Re: [PATCH net-next] net: stmmac: remove superfluous wmb() memory barriers

From: Niklas Cassel
Date: Mon Mar 12 2018 - 04:55:55 EST


On Fri, Mar 09, 2018 at 10:15:20AM -0500, David Miller wrote:
> From: Jose Abreu <Jose.Abreu@xxxxxxxxxxxx>
> Date: Fri, 9 Mar 2018 10:26:11 +0000
>
> > Sorry but I know at least two architectures which don't do a
> > wmb() upon an writel [1] [2]. This can be critical if if we are
> > accessing the device through some slow or filled bus which will
> > delay accesses to the device IO. Notice that writel and then
> > readl to the same address will force CPU to wait for writel
> > completion before readl, but in this case we are using DMA and
> > then writel so I think a wmb() before the writel is a safe measure.
>
> Wait a second.
>
> This is not about whether there is an explicit memory barrier
> instruction placed in the writel() implementation.
>
> Are you saying that the cpu(s) in question will reorder stores in
> their store buffers, even if they are to real memory vs. IOMEM?
>
> That's really dangerous.

Hello David,

Jose is simply responding to the commit message description of this patch.
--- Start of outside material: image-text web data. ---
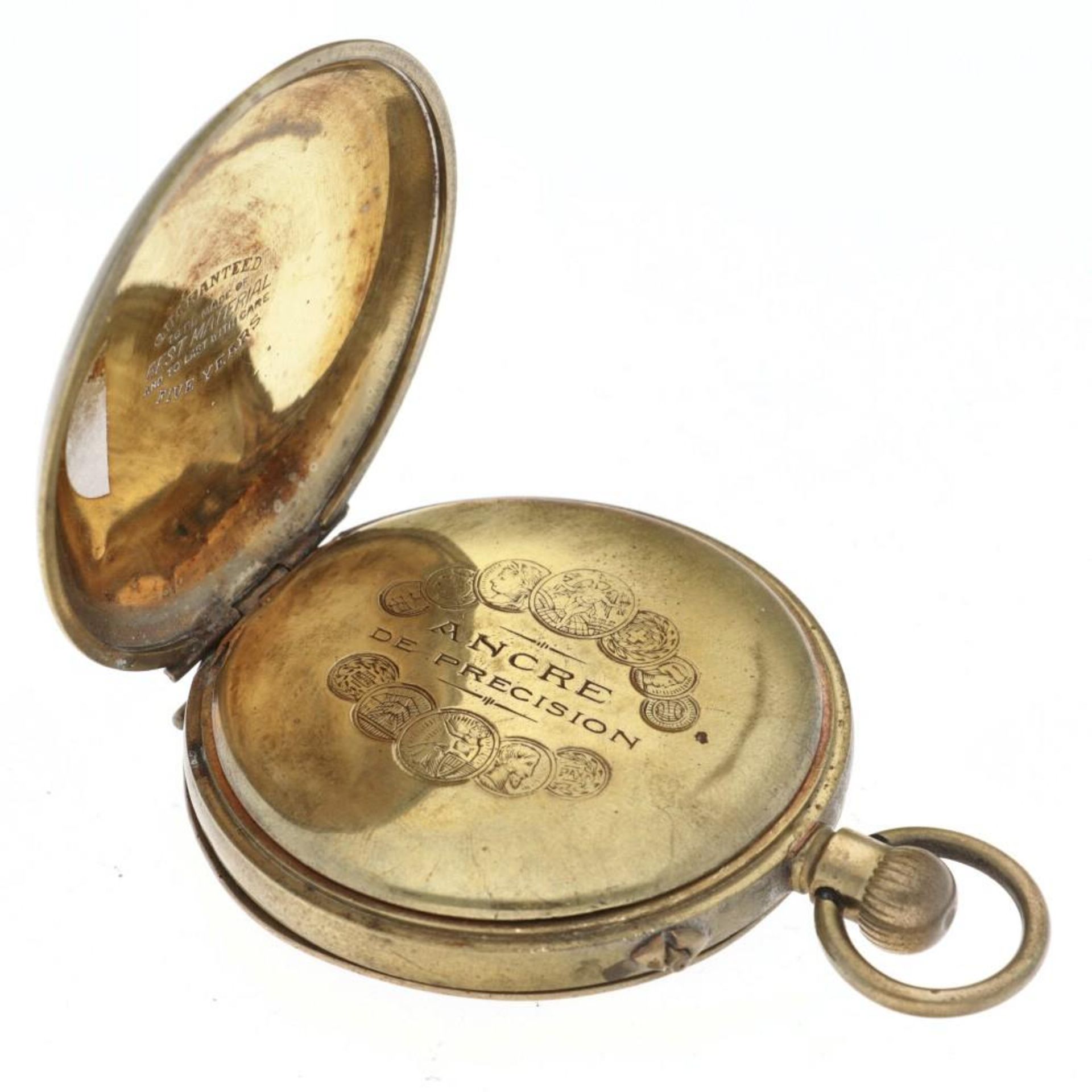 Savonette lever-escapement - Men's pocket watch. - Bild 5 aus 6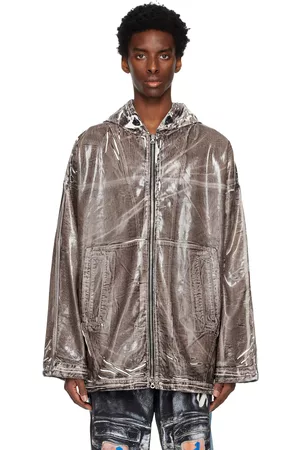Diesel Men Denim Jackets - Brown D-Spark-Fsc Jacket
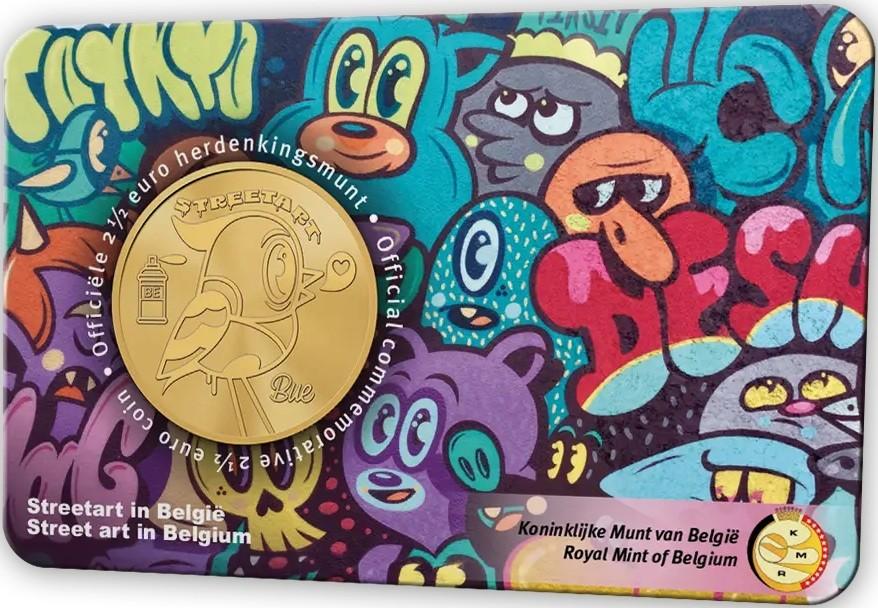 Coincard België 2025 "Streetart" NL of FR versie., Ophalen of Verzenden, Overige landen, 2 euro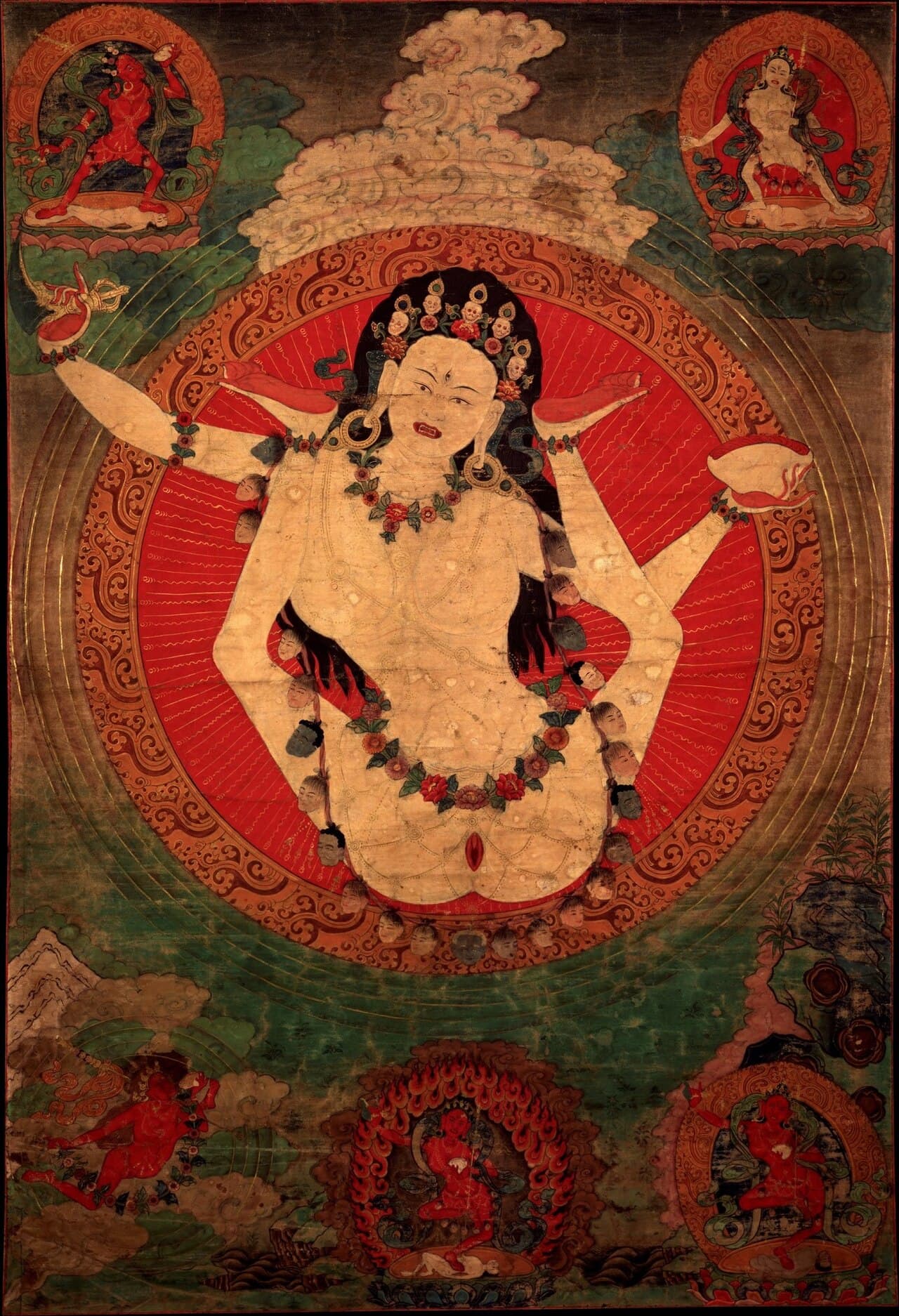 White Khechari Dakini Scroll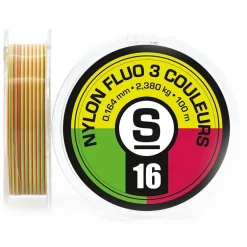 Nylon Sempe Fluo 3 Couleurs Jaune Rouge Vert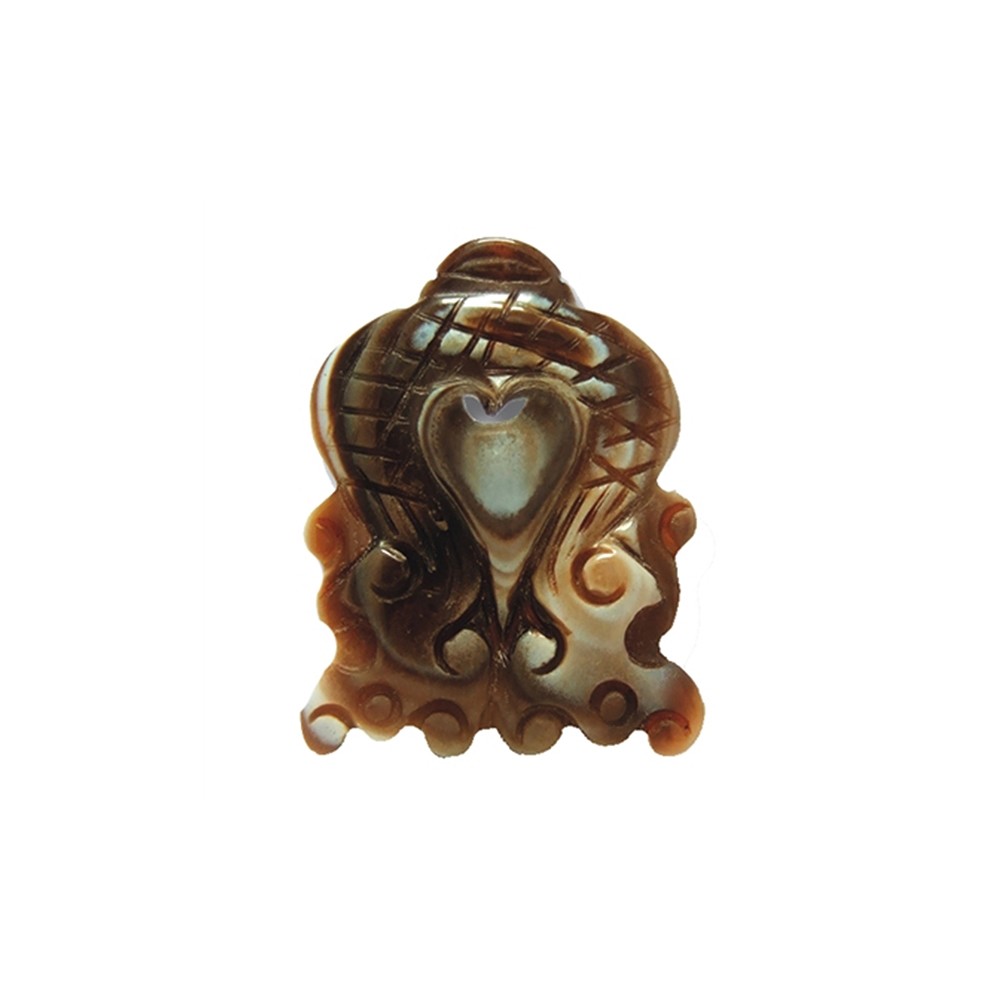 Pendentif Agate "Grass Dragon", 4,0cm | Marco Schreier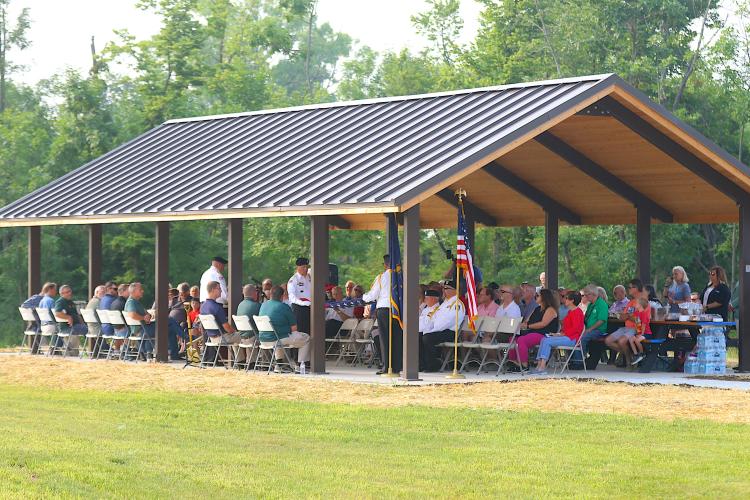 Bluegill Shelter at W.S. Gibbs Memorial Park (photo by Brad Poreda)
You explained that there is an implicit memory barrier between physical memory
writes and those to MMIO register space, as long as you used writel().

I assumed that you meant writel() vs writel_relaxed(), where there latter
does not do an implicit barrier.

I also found this from you:
https://lwn.net/Articles/198995/

If my assumption was incorrect, please correct me.

As you seem to possess knowledge regarding this, you are probably the most
suited person to know if this patch simply needs a commit message rewrite,
or if it should be dropped completely.